At a certain temperature in a 5L vessel, 2 moles of carbon monoxide and 3 moles of chlorine were allowed to reach equilibrium according to the reaction, CO + Cl$$_2$$ $$\rightleftharpoons$$ COCl$$_2$$. At equilibrium, if one mole of CO is present then equilibrium constant (K$$_c$$) for the reaction is:

The balanced chemical equation is $$\mathrm{CO + Cl_2 \rightleftharpoons COCl_2}$$. For every mole of carbon monoxide that reacts, exactly one mole of chlorine reacts and exactly one mole of phosgene ($$\mathrm{COCl_2}$$) is produced.

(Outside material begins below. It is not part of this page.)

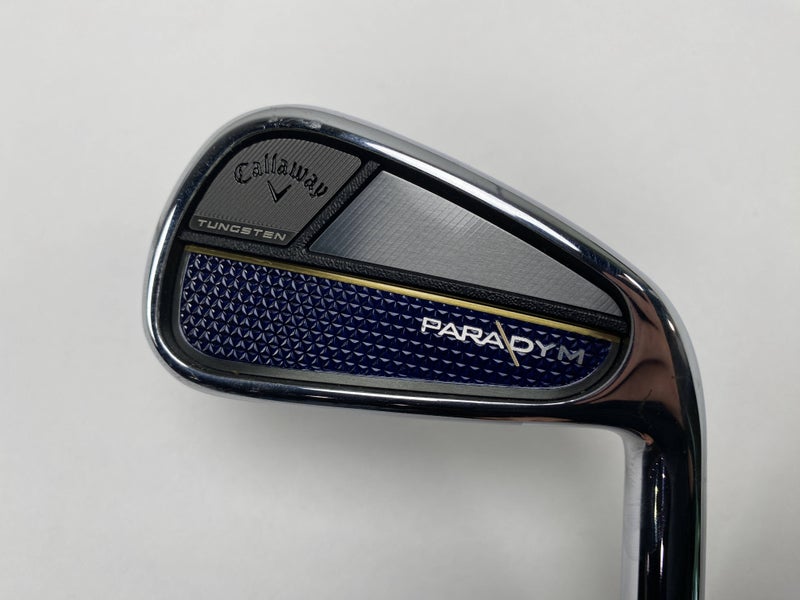 Callaway Paradym Single 7 Iron True Temper Elevate MPH 95g Regular Steel Mens RH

Initially the 5 L vessel contains 2 moles of CO and 3 moles of Cl$$_2$$, while no COCl$$_2$$ is present. Let $$x$$ be the number of moles of CO that actually react before equilibrium is established. Then the equilibrium mole numbers are obtained by simple subtraction or addition:

Initial moles: $$\mathrm{CO}=2,\; \mathrm{Cl_2}=3,\; \mathrm{COCl_2}=0$$

Change in moles: $$\mathrm{CO}=-x,\; \mathrm{Cl_2}=-x,\; \mathrm{COCl_2}=+x$$

Equilibrium moles: $$\mathrm{CO}=2-x,\; \mathrm{Cl_2}=3-x,\; \mathrm{COCl_2}=x$$

We are told that at equilibrium only one mole of CO is present. Therefore

$$2 - x = 1 \quad\Longrightarrow\quad x = 1.$$

Substituting $$x = 1$$ back into the equilibrium expressions gives

Equilibrium moles: $$\mathrm{CO}=1,\; \mathrm{Cl_2}=2,\; \mathrm{COCl_2}=1.$$

Because the volume of the vessel is 5 L, we convert these moles into molar concentrations using the definition $$\text{concentration} = \dfrac{\text{moles}}{\text{volume}}.$$

$$[\mathrm{CO}] = \dfrac{1}{5}\ \text{M} = 0.2\ \text{M}$$ $$[\mathrm{Cl_2}] = \dfrac{2}{5}\ \text{M} = 0.4\ \text{M}$$ $$[\mathrm{COCl_2}] = \dfrac{1}{5}\ \text{M} = 0.2\ \text{M}$$

The law of mass action states that the equilibrium constant $$K_c$$ for the reaction $$\mathrm{CO + Cl_2 \rightleftharpoons COCl_2}$$ is

$$K_c = \dfrac{[\mathrm{COCl_2}]}{[\mathrm{CO}]\,[\mathrm{Cl_2}]}.$$

Substituting the equilibrium concentrations calculated above, we have

$$K_c = \dfrac{0.2}{(0.2)(0.4)} = \dfrac{0.2}{0.08} = 2.5.$$

Hence, the correct answer is Option A.